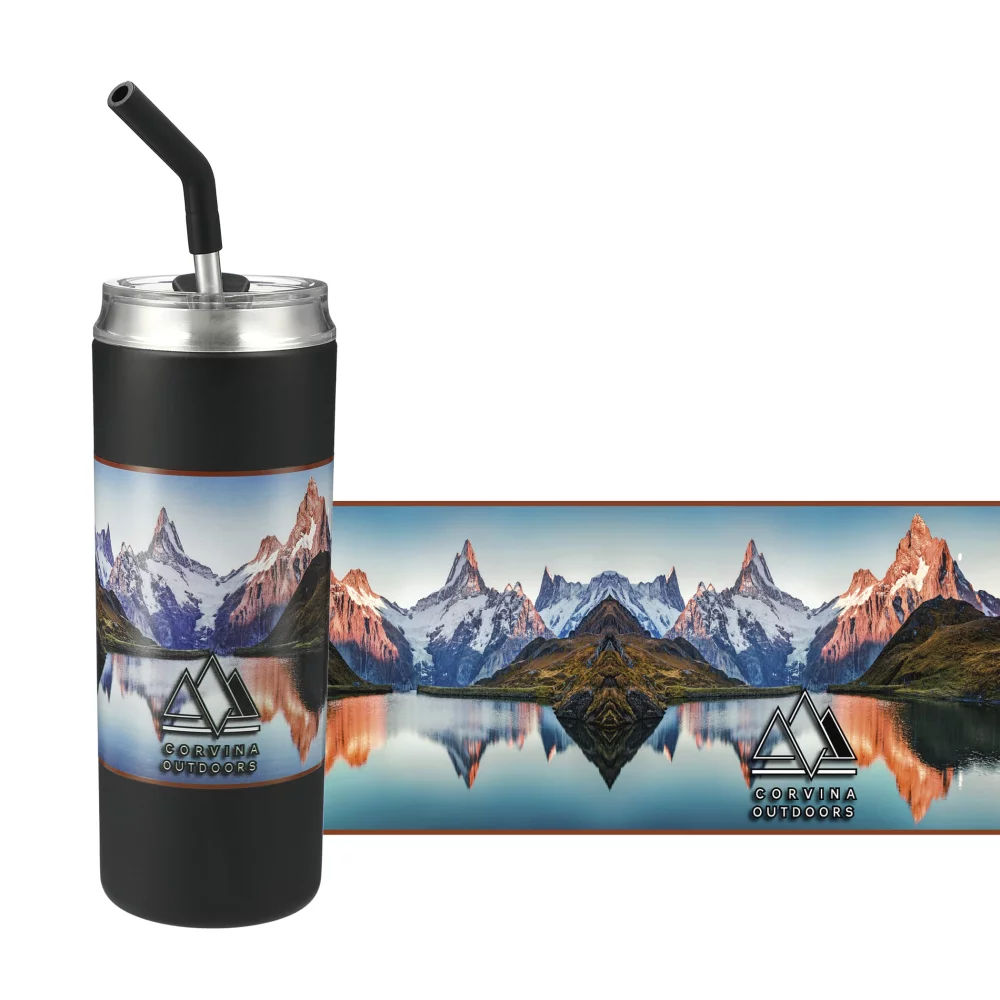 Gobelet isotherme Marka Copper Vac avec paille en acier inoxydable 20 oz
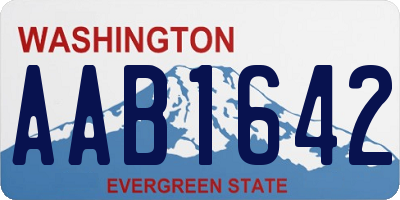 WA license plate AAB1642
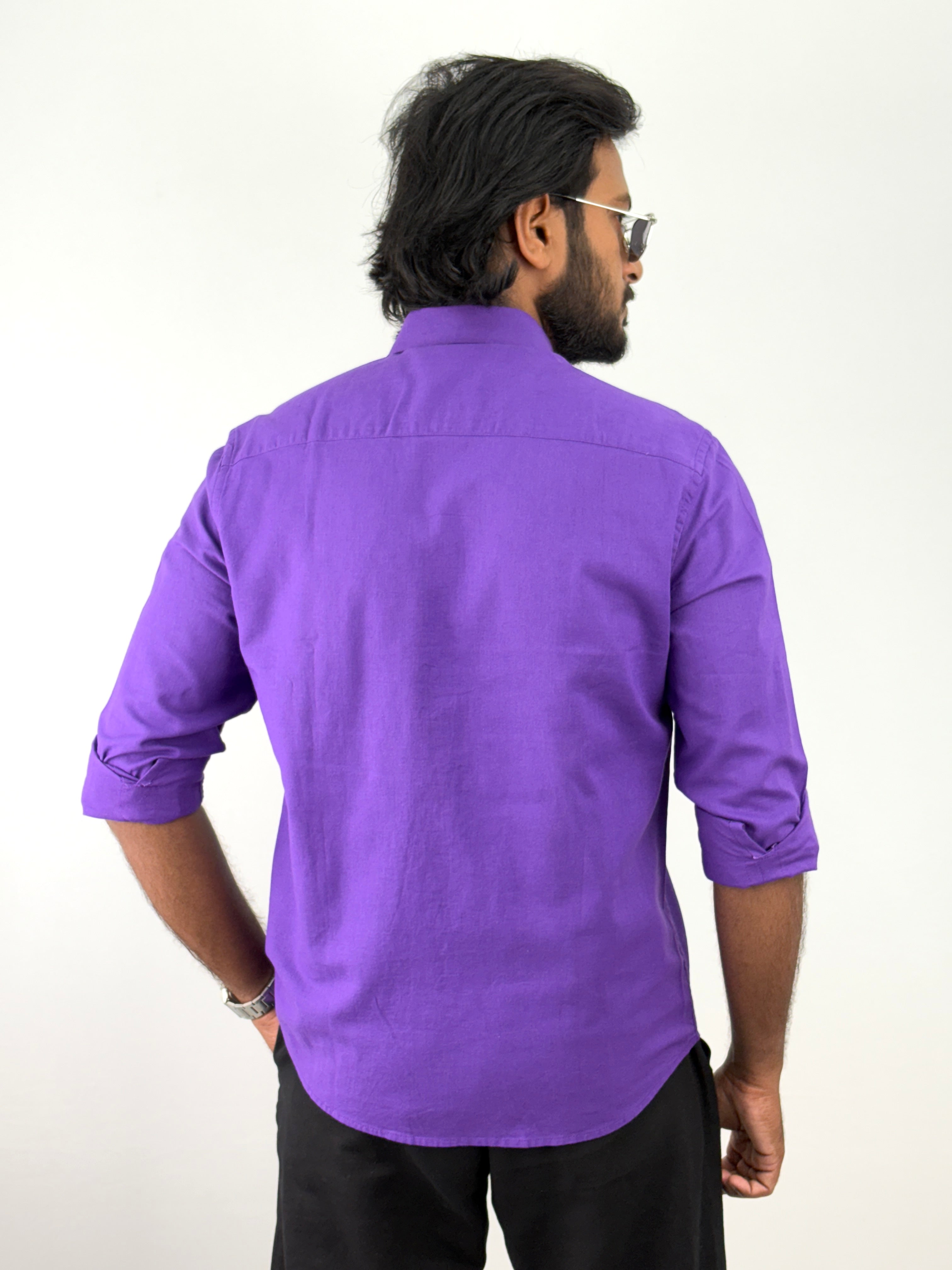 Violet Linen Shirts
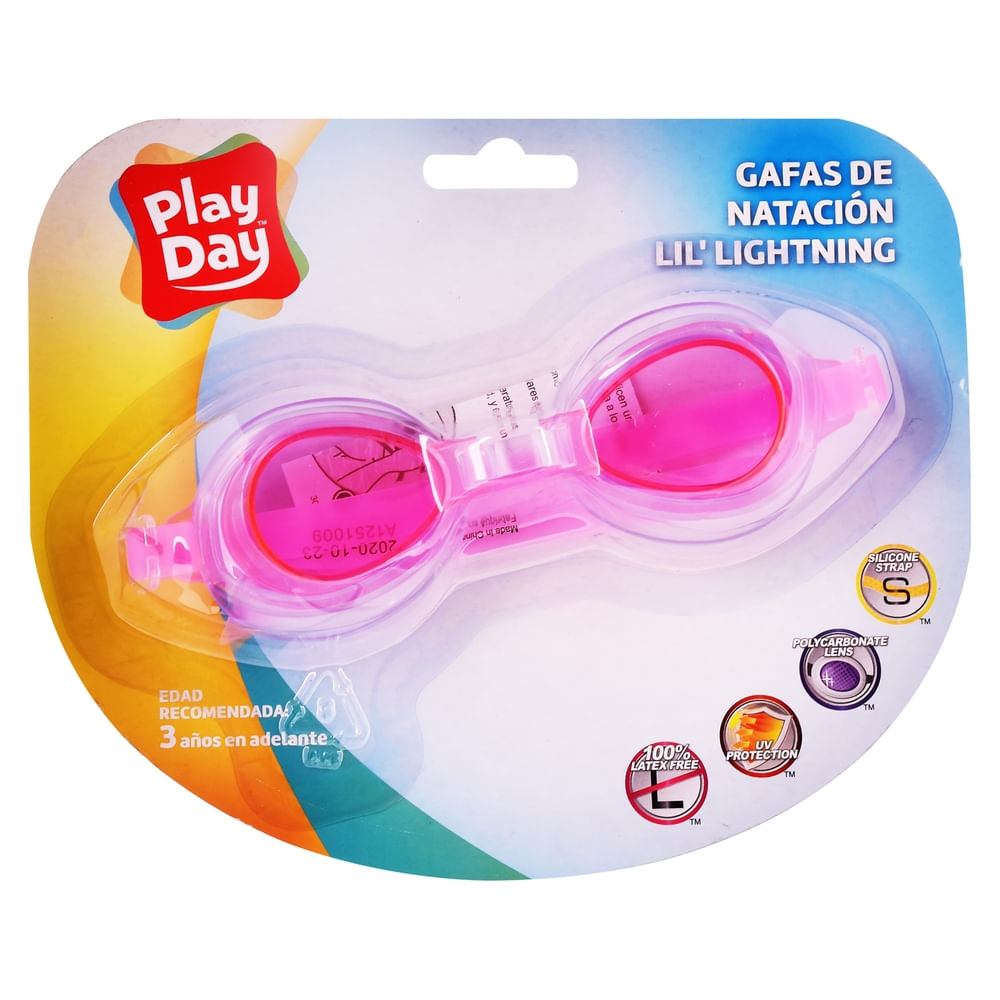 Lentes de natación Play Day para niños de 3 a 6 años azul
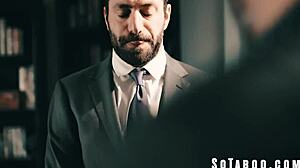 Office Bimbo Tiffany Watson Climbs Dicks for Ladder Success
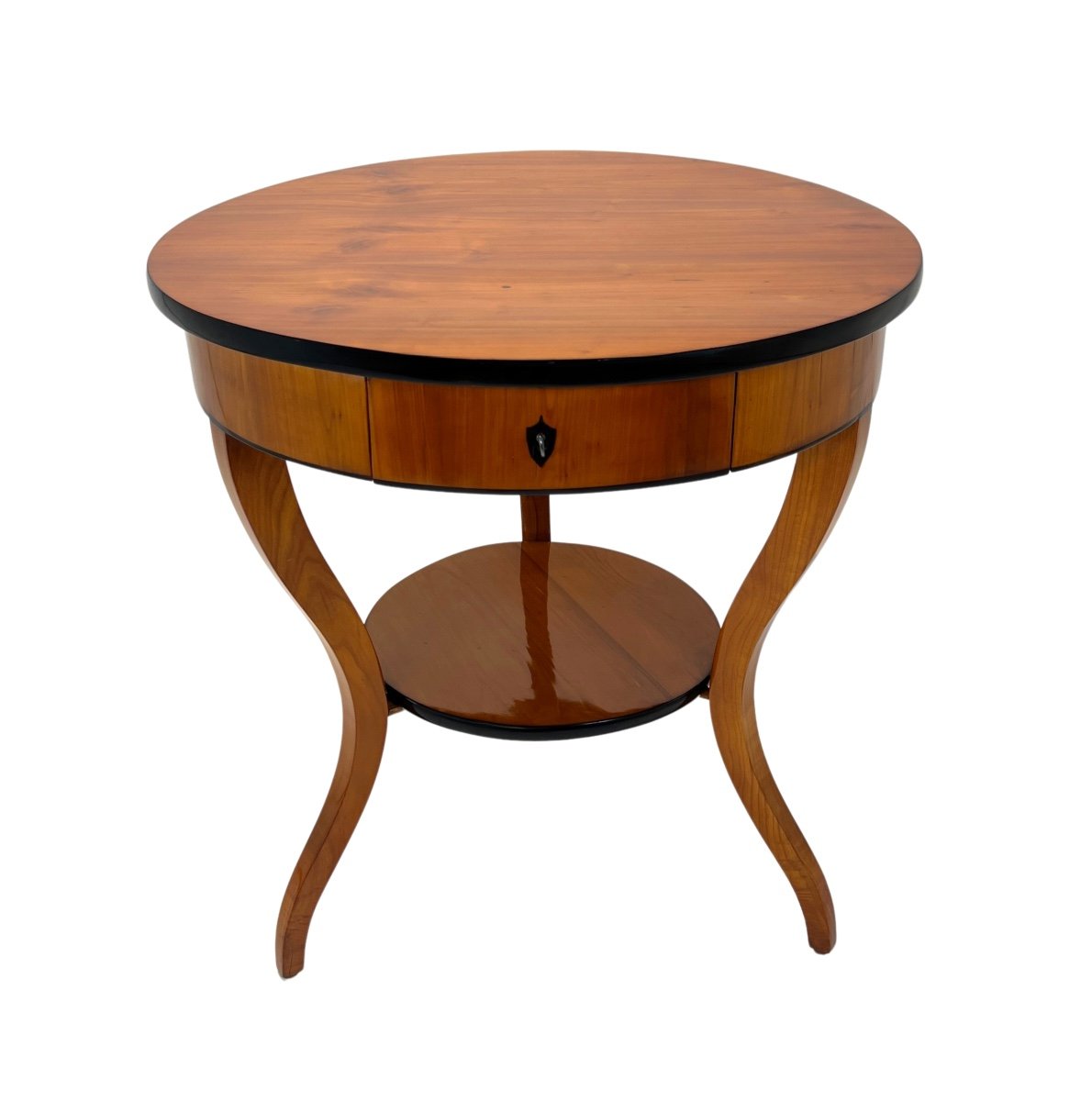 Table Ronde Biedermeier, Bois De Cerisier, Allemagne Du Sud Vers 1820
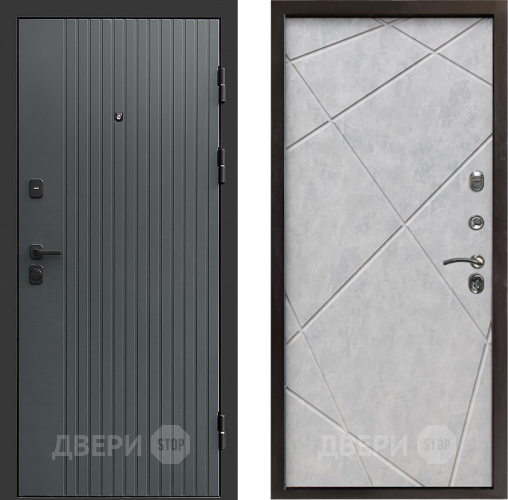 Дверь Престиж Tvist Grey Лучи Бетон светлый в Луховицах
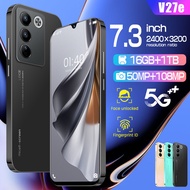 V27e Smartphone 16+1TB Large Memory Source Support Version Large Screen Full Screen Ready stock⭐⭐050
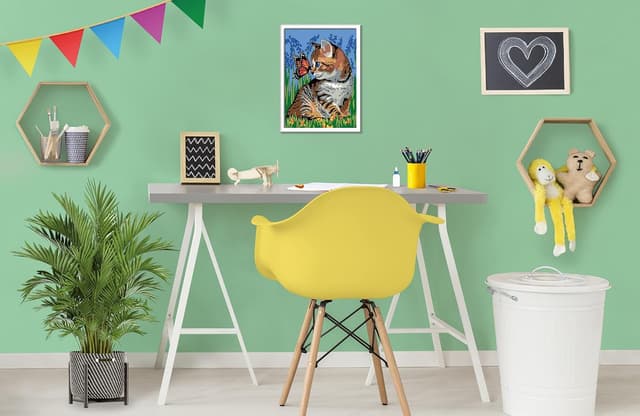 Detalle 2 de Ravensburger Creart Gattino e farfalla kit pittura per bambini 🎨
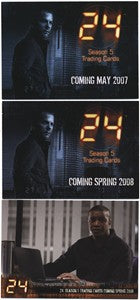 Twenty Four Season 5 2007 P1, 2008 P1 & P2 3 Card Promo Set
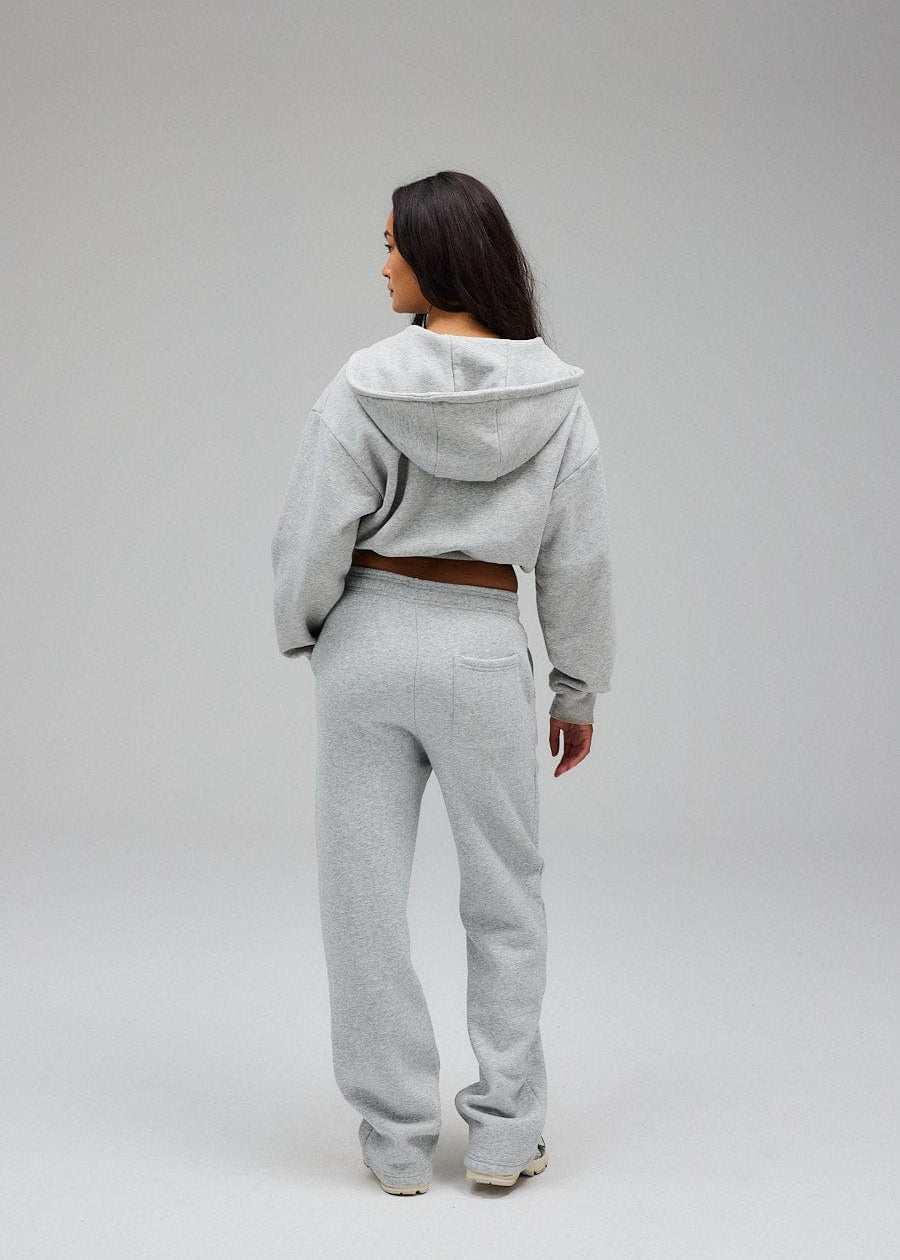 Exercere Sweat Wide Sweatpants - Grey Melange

ASSIGNED TASK |
Which lines run from the one containing "WA license plate AAB1642" to the end of the entries above? Write them out exactly, leaving out every picture.

RESULT OF THE EXERCISE |
 WA license plate AAB1642
 Violet Linen Shirts
 Lentes de natación Play Day para niños de 3 a 6 años azul
 Office Bimbo Tiffany Watson Climbs Dicks for Ladder Success
 Table Ronde Biedermeier, Bois De Cerisier, Allemagne Du Sud Vers 1820
 Дверь Престиж Tvist Grey Лучи Бетон светлый в Луховицах
 V27e Smartphone 16+1TB Large Memory Source Support Version Large Screen Full Screen Ready stock⭐⭐050
 Detalle 2 de Ravensburger Creart Gattino e farfalla kit pittura per bambini 🎨
 Twenty Four Season 5 2007 P1, 2008 P1 & P2 3 Card Promo Set
 Exercere Sweat Wide Sweatpants - Grey Melange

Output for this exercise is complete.